*** Opening of Data section ***

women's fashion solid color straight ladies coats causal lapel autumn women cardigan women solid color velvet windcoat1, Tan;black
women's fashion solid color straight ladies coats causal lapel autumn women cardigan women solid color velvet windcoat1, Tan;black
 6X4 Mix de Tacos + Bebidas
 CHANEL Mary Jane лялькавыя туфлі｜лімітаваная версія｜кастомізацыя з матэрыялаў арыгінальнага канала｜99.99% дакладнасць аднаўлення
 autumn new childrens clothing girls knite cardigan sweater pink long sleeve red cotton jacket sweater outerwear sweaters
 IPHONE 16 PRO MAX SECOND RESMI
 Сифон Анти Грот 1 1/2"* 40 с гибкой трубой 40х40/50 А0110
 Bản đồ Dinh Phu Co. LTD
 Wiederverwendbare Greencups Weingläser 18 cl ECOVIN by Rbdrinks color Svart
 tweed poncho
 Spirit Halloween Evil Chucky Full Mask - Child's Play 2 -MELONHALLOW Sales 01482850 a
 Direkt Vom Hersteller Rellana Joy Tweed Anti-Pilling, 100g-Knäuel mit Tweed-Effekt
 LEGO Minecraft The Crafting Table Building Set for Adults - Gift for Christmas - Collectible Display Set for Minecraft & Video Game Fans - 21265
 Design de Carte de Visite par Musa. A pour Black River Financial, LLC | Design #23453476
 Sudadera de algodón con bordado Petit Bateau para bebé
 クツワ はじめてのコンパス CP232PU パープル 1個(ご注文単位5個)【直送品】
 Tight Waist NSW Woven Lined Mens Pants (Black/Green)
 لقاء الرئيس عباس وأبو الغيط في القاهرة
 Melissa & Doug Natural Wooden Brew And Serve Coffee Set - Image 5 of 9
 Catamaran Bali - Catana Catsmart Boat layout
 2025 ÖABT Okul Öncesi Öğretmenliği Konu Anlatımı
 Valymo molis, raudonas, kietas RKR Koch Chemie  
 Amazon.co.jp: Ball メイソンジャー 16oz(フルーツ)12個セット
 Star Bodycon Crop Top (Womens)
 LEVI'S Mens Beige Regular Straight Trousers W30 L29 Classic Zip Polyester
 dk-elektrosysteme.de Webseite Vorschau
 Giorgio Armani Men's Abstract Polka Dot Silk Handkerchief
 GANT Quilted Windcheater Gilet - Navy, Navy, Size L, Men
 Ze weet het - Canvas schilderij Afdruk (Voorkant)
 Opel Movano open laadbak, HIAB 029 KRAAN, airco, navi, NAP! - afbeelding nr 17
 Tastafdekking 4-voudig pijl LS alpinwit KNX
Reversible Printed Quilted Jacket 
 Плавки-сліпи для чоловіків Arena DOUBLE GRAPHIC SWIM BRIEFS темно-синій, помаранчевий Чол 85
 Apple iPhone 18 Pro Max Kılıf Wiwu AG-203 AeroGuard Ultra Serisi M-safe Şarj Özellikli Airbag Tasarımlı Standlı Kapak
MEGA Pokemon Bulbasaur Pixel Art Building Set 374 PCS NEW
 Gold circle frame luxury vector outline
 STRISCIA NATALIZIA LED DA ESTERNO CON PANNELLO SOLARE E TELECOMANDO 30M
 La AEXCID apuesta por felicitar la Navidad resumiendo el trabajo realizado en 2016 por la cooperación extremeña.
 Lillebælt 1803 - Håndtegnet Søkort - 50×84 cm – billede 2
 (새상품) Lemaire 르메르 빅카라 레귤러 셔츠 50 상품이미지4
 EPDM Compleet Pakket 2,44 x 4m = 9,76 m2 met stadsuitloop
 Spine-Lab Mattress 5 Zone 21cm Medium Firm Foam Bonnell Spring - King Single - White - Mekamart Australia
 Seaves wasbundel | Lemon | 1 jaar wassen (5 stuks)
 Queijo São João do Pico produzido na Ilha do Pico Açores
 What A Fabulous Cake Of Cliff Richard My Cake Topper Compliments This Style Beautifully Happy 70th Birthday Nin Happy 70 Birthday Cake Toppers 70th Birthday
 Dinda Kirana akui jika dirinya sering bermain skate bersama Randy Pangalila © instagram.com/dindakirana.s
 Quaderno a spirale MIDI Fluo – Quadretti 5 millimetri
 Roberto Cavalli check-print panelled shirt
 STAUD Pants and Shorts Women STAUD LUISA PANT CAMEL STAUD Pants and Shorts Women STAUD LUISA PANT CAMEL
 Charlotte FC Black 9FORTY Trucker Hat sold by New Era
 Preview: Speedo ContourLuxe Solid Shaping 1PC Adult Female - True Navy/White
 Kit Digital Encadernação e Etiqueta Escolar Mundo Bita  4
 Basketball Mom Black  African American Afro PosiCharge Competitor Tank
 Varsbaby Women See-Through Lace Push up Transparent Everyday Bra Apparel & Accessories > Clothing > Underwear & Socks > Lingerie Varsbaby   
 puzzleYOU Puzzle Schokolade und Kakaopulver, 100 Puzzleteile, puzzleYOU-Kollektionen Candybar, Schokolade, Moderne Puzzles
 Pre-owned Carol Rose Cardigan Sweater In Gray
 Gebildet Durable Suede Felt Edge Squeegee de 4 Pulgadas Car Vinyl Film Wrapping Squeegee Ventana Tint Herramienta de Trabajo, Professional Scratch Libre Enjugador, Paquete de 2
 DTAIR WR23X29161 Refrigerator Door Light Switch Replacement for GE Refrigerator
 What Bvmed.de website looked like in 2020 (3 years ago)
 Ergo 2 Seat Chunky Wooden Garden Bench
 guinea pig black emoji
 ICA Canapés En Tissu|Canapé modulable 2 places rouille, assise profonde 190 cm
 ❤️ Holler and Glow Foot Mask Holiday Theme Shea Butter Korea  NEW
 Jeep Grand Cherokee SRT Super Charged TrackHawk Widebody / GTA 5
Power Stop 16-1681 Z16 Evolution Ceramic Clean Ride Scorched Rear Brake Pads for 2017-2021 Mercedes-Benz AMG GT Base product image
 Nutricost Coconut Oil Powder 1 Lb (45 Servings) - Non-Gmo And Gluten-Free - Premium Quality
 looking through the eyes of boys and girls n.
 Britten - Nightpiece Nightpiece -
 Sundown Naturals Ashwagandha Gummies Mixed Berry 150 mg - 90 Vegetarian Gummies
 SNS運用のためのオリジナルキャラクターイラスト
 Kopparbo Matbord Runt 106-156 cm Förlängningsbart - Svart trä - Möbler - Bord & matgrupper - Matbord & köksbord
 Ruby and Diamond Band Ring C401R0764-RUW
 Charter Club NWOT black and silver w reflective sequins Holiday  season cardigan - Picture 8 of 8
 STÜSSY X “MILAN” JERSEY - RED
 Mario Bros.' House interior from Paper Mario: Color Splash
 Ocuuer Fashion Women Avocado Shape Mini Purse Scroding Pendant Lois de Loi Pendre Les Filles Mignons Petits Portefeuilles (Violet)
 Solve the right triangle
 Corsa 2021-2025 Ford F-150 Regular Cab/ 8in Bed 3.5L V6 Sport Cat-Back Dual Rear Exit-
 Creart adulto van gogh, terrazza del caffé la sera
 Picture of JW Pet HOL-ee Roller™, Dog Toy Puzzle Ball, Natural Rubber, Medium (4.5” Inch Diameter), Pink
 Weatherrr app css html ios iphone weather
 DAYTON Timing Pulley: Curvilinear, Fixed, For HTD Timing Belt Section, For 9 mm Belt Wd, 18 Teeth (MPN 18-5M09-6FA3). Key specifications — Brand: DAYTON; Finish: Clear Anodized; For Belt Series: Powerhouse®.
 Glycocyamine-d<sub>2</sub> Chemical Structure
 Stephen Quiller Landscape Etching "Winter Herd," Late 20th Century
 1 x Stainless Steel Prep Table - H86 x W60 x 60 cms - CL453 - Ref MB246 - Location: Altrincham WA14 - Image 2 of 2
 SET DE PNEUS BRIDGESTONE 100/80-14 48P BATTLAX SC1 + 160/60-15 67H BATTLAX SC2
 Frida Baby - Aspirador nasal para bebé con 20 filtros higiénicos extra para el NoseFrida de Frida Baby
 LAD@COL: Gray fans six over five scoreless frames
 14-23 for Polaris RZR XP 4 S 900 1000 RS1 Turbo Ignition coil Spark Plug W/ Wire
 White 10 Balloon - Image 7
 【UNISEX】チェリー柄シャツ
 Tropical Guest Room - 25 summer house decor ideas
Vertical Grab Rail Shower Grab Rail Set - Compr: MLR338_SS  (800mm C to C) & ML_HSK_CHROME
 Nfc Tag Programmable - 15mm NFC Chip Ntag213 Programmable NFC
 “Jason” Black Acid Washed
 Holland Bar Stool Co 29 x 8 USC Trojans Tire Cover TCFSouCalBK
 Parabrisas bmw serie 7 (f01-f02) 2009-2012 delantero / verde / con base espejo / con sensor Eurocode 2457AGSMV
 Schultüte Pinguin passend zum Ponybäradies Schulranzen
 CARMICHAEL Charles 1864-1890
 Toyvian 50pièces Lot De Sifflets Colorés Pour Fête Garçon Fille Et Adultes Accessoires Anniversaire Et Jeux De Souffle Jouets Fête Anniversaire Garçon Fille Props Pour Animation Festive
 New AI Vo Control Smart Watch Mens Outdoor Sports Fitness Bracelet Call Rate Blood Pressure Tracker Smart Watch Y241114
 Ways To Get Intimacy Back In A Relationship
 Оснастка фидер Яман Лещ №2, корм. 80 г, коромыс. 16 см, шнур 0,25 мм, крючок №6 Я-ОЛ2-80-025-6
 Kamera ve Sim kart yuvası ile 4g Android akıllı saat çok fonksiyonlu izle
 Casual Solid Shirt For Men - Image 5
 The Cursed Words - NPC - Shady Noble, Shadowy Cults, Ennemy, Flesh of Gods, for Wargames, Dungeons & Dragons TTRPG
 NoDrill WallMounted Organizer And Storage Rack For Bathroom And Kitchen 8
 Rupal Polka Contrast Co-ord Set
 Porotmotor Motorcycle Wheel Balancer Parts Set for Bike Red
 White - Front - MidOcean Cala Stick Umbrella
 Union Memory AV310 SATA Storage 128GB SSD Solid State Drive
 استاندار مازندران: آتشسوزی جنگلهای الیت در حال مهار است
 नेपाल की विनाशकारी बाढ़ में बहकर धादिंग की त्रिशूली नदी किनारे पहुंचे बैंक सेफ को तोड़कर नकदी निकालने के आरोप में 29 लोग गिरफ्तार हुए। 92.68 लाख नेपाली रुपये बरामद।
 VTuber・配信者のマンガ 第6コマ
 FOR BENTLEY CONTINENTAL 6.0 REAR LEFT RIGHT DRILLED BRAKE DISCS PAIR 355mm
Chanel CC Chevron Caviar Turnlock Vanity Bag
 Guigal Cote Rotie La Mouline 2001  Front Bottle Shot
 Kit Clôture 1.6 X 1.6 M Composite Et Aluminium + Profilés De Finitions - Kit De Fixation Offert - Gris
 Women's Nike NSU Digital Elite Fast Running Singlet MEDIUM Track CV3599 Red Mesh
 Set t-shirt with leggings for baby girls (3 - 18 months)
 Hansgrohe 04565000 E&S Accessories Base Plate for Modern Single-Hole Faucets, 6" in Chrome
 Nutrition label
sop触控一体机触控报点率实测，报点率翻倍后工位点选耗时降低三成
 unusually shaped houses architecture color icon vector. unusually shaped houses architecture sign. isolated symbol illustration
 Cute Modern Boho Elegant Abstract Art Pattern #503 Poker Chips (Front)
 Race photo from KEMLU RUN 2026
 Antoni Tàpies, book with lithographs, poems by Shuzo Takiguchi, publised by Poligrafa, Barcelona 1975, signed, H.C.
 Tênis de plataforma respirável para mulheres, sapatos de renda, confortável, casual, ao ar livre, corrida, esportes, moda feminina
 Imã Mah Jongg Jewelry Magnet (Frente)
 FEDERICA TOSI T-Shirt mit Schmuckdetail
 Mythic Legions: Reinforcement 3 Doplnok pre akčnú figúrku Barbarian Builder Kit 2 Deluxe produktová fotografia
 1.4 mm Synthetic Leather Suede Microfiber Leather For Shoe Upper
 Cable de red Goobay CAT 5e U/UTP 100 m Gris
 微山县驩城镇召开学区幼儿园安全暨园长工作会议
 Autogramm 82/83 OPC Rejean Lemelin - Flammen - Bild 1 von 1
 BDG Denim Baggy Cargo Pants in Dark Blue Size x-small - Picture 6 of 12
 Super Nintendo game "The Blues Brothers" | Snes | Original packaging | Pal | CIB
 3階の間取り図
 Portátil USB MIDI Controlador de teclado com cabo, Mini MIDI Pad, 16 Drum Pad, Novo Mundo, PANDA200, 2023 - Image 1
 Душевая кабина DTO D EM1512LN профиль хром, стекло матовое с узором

*** Close of Data section ***

• _What is required_: From the entries above, restate word for word the lines from the line containing "DTAIR WR23X29161 Refrigerator" to the line containing "Mario Bros.' House", both ends included, and nothing more.

• _Reply to the task_:
 DTAIR WR23X29161 Refrigerator Door Light Switch Replacement for GE Refrigerator
 What Bvmed.de website looked like in 2020 (3 years ago)
 Ergo 2 Seat Chunky Wooden Garden Bench
 guinea pig black emoji
 ICA Canapés En Tissu|Canapé modulable 2 places rouille, assise profonde 190 cm
 ❤️ Holler and Glow Foot Mask Holiday Theme Shea Butter Korea  NEW
 Jeep Grand Cherokee SRT Super Charged TrackHawk Widebody / GTA 5
Power Stop 16-1681 Z16 Evolution Ceramic Clean Ride Scorched Rear Brake Pads for 2017-2021 Mercedes-Benz AMG GT Base product image
 Nutricost Coconut Oil Powder 1 Lb (45 Servings) - Non-Gmo And Gluten-Free - Premium Quality
 looking through the eyes of boys and girls n.
 Britten - Nightpiece Nightpiece -
 Sundown Naturals Ashwagandha Gummies Mixed Berry 150 mg - 90 Vegetarian Gummies
 SNS運用のためのオリジナルキャラクターイラスト
 Kopparbo Matbord Runt 106-156 cm Förlängningsbart - Svart trä - Möbler - Bord & matgrupper - Matbord & köksbord
 Ruby and Diamond Band Ring C401R0764-RUW
 Charter Club NWOT black and silver w reflective sequins Holiday  season cardigan - Picture 8 of 8
 STÜSSY X “MILAN” JERSEY - RED
 Mario Bros.' House interior from Paper Mario: Color Splash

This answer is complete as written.